Configure interfaces

# SmartConsole → Gateways → Interfaces → Add VLAN
# Create sub-interfaces for each VLAN (20, 30, 101-120)
# Assign IPs per section 3 above

9. Verification

9.1 Verify connectivity from the cluster

# SSH into one of the agent pods
kubectl exec -it -n web-agents deployment/web-agent -- sh

# Test that the NGFW gateway is reachable
ping -c 3 172.16.0.1        # browser-engine VLAN 20 gateway
ping -c 3 172.17.0.1        # K6 VLAN 30 gateway (from K6 pod)

# Test HTTPS to a persona (should succeed if TLS inspection is working)
curl -v https://shop.persona.internal/ --max-time 5
# Expected: HTTP 200, certificate issued by NGFW CA

9.2 Verify TLS inspection is active

# From an agent pod, inspect the certificate chain presented by the NGFW
echo | openssl s_client -connect shop.persona.internal:443 -servername shop.persona.internal 2>/dev/null \
  | openssl x509 -noout -issuer -subject

# Expected output (certificate issued by NGFW, not by persona-ca):
# issuer=CN=<your NGFW intercept CA name>
# subject=CN=shop.persona.internal   (re-signed by NGFW)

9.3 Verify SNMP monitoring

# From the SNMP pod, test connectivity to the NGFW
kubectl exec -it -n web-agents deployment/snmp-exporter -- sh
snmpwalk -v2c -c <community> 10.254.254.3 1.3.6.1.2.1.1.1.0

# Expected: sysDescr of the NGFW

9.4 Verify TLS Leg 2 (NGFW trusts webserver cert)

Check NGFW logs for TLS errors on the outbound leg. If you see certificate validation failures toward 10.1.x.x (Synthetic Personas) or 10.2.x.x (Cloned Personas), the persona-ca was not imported correctly.
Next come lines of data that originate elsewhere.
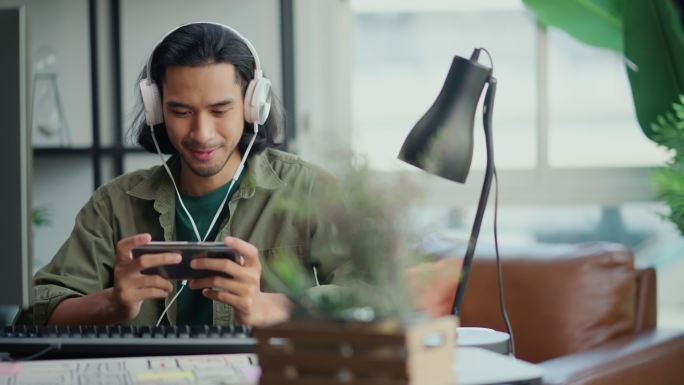 聪明的亚洲男性创意自由职业者休闲布呆在家里坐在工作桌前玩流媒体游戏在线戴耳机微笑无忧无虑的面部表情，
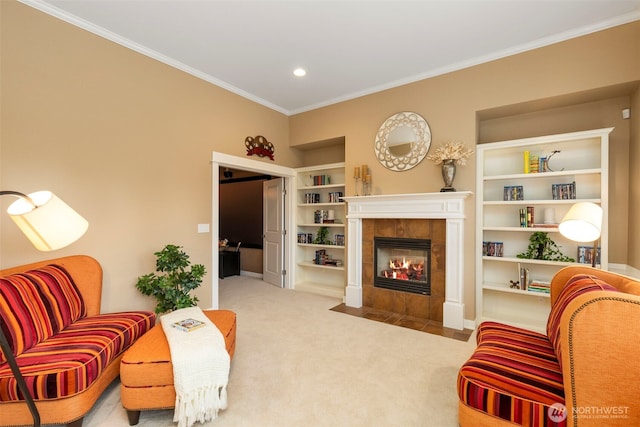 carpeted living room featuring crown molding, a tiled fireplace, recessed lighting, and built in shelves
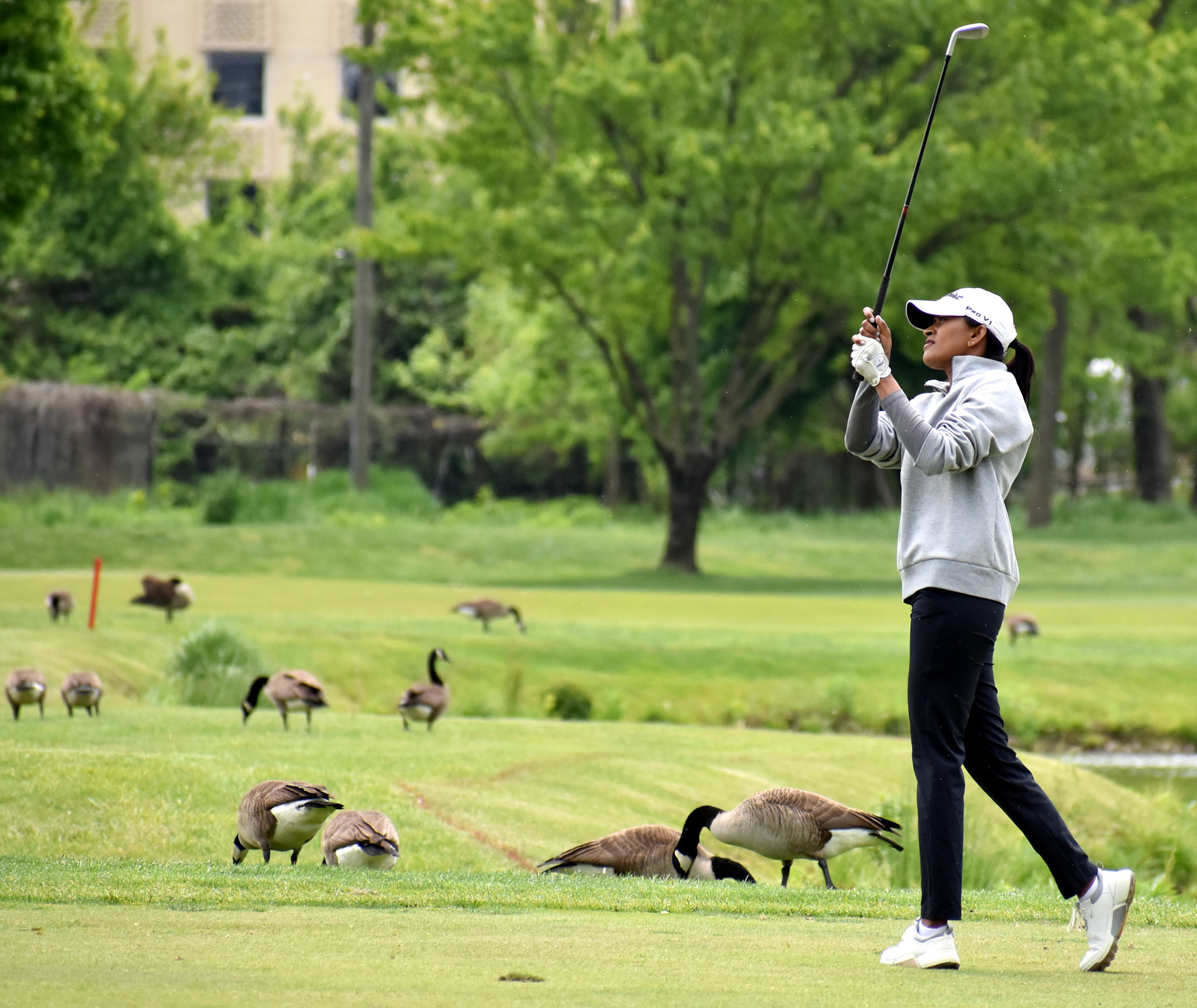 Karishma Thiagaraj hits her approach 7 seven while the gaggle in the gallery looks on.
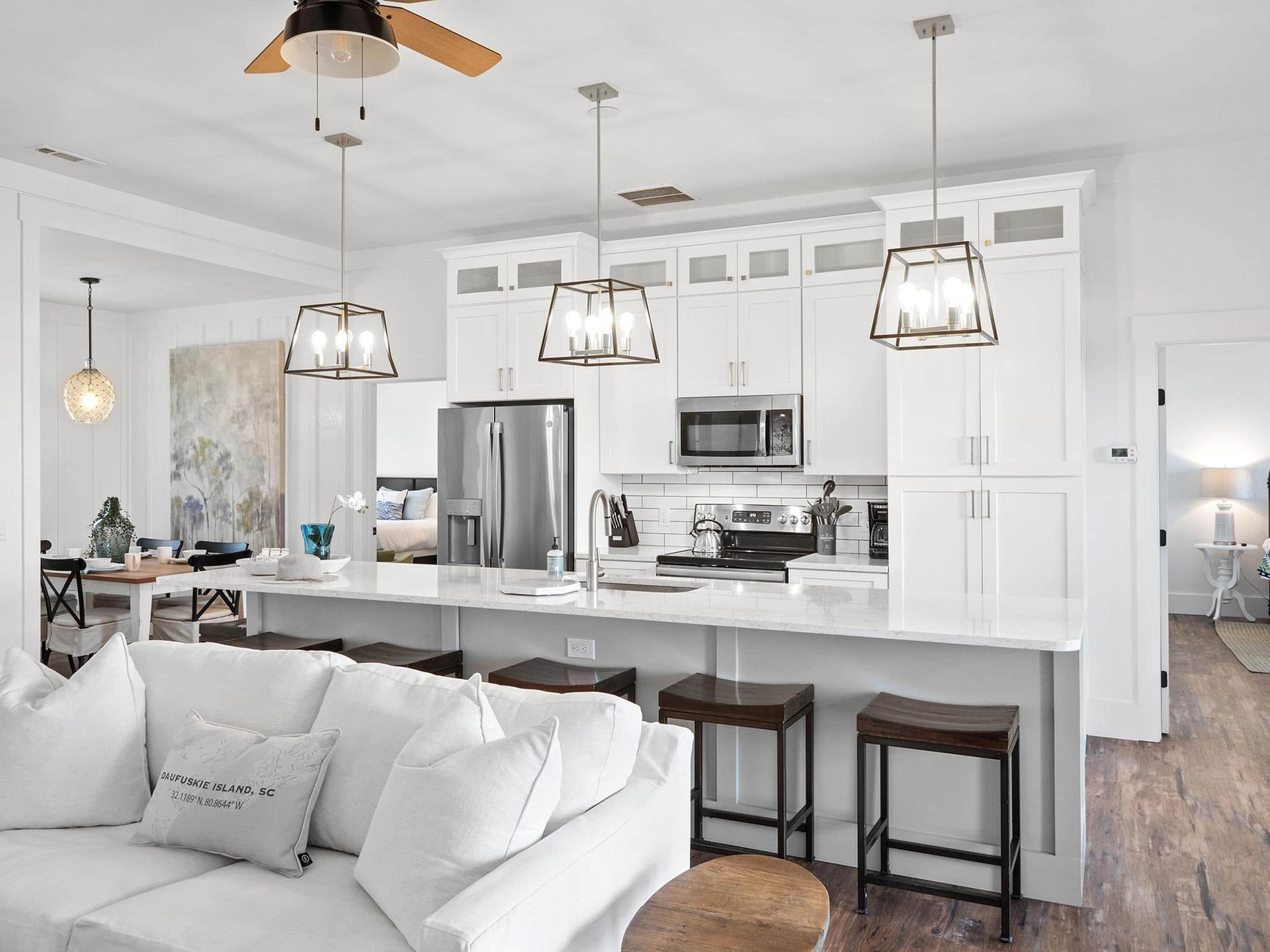 A living room with a couch , stools , a ceiling fan and a kitchen.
# On the cluster: confirm the webserver certificate chain
echo | openssl s_client -connect 10.1.1.2:443 2>/dev/null \
  | openssl x509 -noout -issuer -subject

# Expected (before NGFW interception — direct from Ubuntu server):
# issuer=CN=Persona CA  (or similar — the persona-ca-issuer CN)
# subject=CN=shop.persona.internal

10. Troubleshooting

Symptom Likely cause Fix
Agents get CERT_AUTHORITY_INVALID ngfw-ca not installed in cluster, or agents not restarted Re-run kubectl create configmap ngfw-ca ... and kubectl rollout restart deployment/web-agent
NGFW shows TLS Leg 2 cert validation error persona-ca not imported in NGFW trust store Export persona-ca.pem from cluster (kubectl get secret persona-ca-bundle ...) and import in NGFW trusted CA store
HTTP/3 connections fail but HTTP/2 works NGFW doesn't support QUIC inspection Block UDP 443 on NGFW to force HTTP/2 downgrade; note this in test results
Agents can't reach persona IPs (10.1.x.x) Missing routes or NGFW policy blocking Check NGFW security policy allows 172.16.0.0/16 and 172.17.0.0/16 to 10.1.0.0/16
SNMP exporter shows no data from NGFW NGFW SNMP not enabled, wrong community, or VLAN 99 not reachable Verify NGFW SNMP is enabled with community public (or matching observability/snmp/snmp.yml); verify VLAN 99 IP 10.254.254.3 is pingable
TLS inspection not triggered SSL policy not attached to access rule, or zones misconfigured Verify source/destination zones match agent and persona interfaces
Certificate errors after persona cert renewal NGFW cached old cert fingerprint Cert-manager auto-renews persona certs every 11 months; Stakater Reloader restarts Caddy pods — no NGFW change needed

For test-bed architecture details, see docs/ARCHITECTURE.md. For deployment instructions, see docs/UBUNTU_K3S_SINGLENODE_QUICKSTART_DEPLOY.en.md. For the automated Kubernetes installer, see scripts/k8s-install.sh.